Ich bin der einzige Gast. Ein schwarzhaariges Mädchen mit gesenktem Blick bedient. Türkischer Kaffee und süße Leckerbissen zum zweiten Frühstück. Kurz vor Mittag erscheint eine Hochzeitsgesellschaft im Hof des Palasts. Braut und Bräutigam schlank in tatarisch-türkischer Tracht, er mit dem schwarzen Fez, sie mit einem verschleierten Gegenstück ganz in Weiß, eine schwarzhaarige Schönheit mit weißer Haut. Am Straßenrand parkt eine S-Klasse mit zwei krimtatarischen Flaggen, einem gelben Dreizack, dem Symbol der Goldenen Horde, auf türkisfarbenem Grund. 

Die Hochzeitsgesellschaft: gut gekleidete junge Menschen, die weder Russen noch Ukrainern ähneln. Ob ich ein Wort Krimtatarisch höre? Fehlanzeige, bei dieser Hochzeit ebenso wie in ganz Bachtschyssaraj. 

Auch das Mädchen mit dem gesenkten Blick spricht russisch, nicht nur mit mir, sondern auch in der Küche. Ich frage, ob sie Krimtatarisch beherrscht. Natürlich, sagt sie. In der Schule habe sie es gelernt und zu Hause. Nur im Alltag benutze es niemand. Warum nicht, ist es verboten oder geniert man sich? Ein verständnisloser Blick – wie ich auf die Idee käme. Nun, ich hätte gelesen, tatarische Schulen würden geschlossen. Nein, sagt das Mädchen und schüttelt den Kopf. Nur in der Schule Nummer 5, dort sei früher nur auf tatarisch unterrichtet worden und heute zweisprachig auf tatarisch und russisch. Aber sie sprächen ja sowieso alle russisch.

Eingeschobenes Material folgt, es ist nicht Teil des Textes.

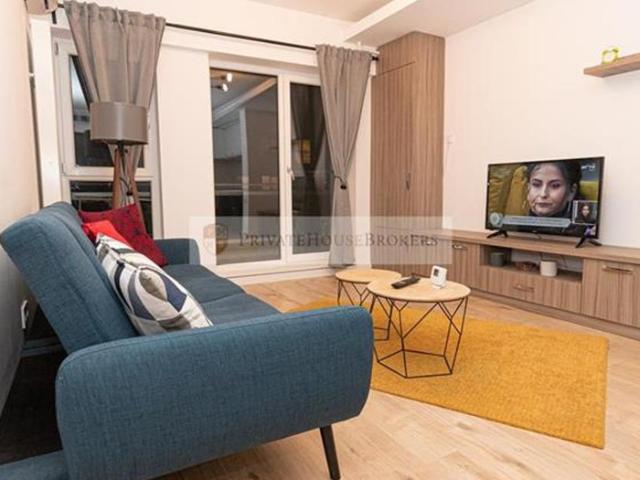 Aviatiei | Belvedere Residence | 2020 | Parcare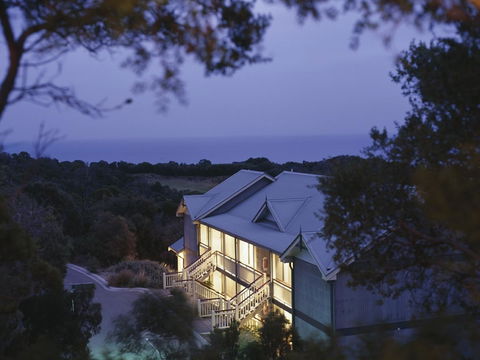 RACV Cape Schanck Resort - Hotel Accommodation 44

Die gleichen Antworten auf die gleichen Fragen höre ich überall, wo ich einkehre, auch in dem freundlichen Familienhotel in der Altstadt, das für zwei Nächte gerade einmal 28 Euro kostet. Parteinahme für Mustafa Dschemilow und seinen Medschlis hat Seltenheitswert. In der Tat scheinen sich Unterdrückung und Verfolgung auf die Pro-Kiewer Aktivisten in Dschemilows Umfeld zu beschränken; den Alltag der Krimtataren betreffen sie nicht.

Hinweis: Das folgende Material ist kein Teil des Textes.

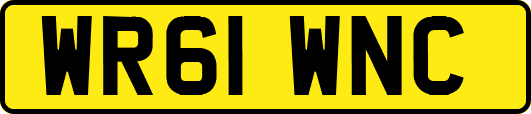 WR61WNC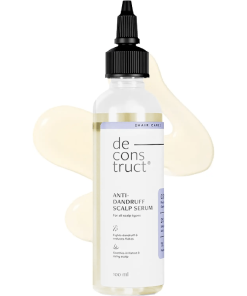 Deconstruct Anti Dandruff Scalp Serum hair serum product image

Das deckt sich mit Aussagen aus der Umgebung des Republikchefs Sergej Aksjonow: Mindestens 70 Prozent der Krimtataren seien inzwischen für die neuen Verhältnisse. Aksjonow wirft Kiew und dem Medschlis vor, die Krimtataren bewußt gegen die Mehrheitsbevölkerung aufgewiegelt zu haben: „Das Teilen der Krimbewohner nach Nationalitäten muß ein Ende haben. Was für die Krim getan wird, wird für alle getan.“ Das hindert ihn nicht, hart gegen die Kiewer-Tatarenfraktion vorzugehen: Dem TV-Sender ATR, der dem Medschlis nahesteht, wurde im April die Lizenz entzogen. 

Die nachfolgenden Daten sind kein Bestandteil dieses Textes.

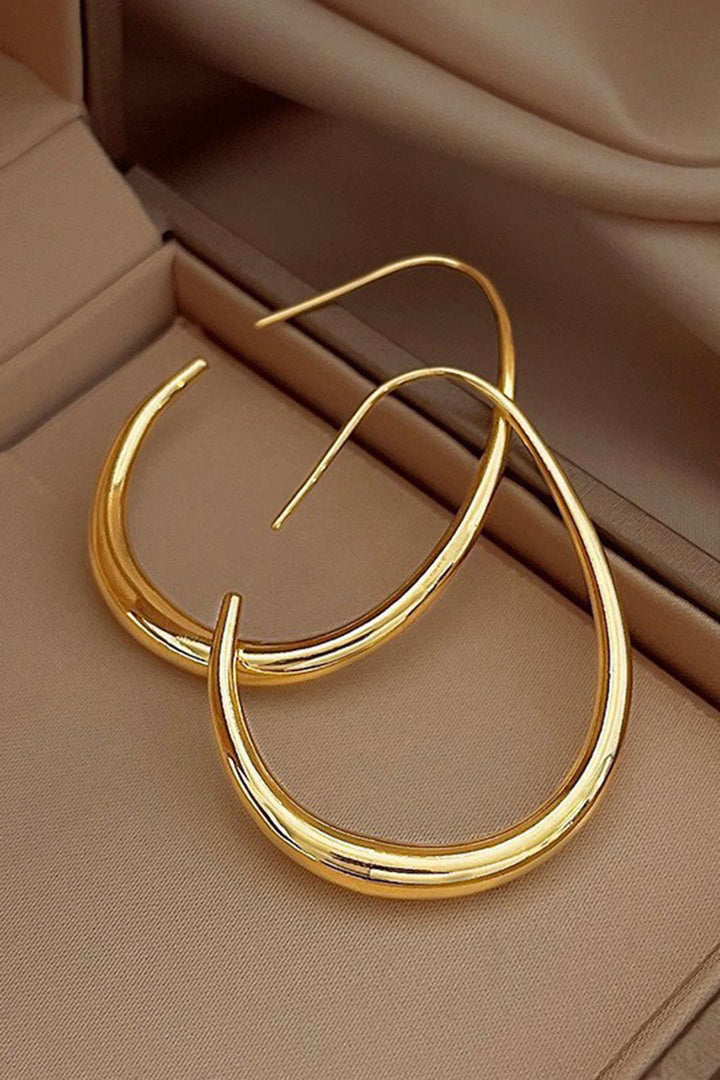 Boucles d&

Die 1944 von der Halbinsel verschleppten Armenier, Bulgaren, Griechen, Tataren und Deutschen hatte Präsident Wladimir Putin bereits vier Wochen nach dem Anschluß rehabilitiert. Seit 2015 gibt es einen neuen Feiertag: die Rückkehr der verbannten Völker auf die Krim.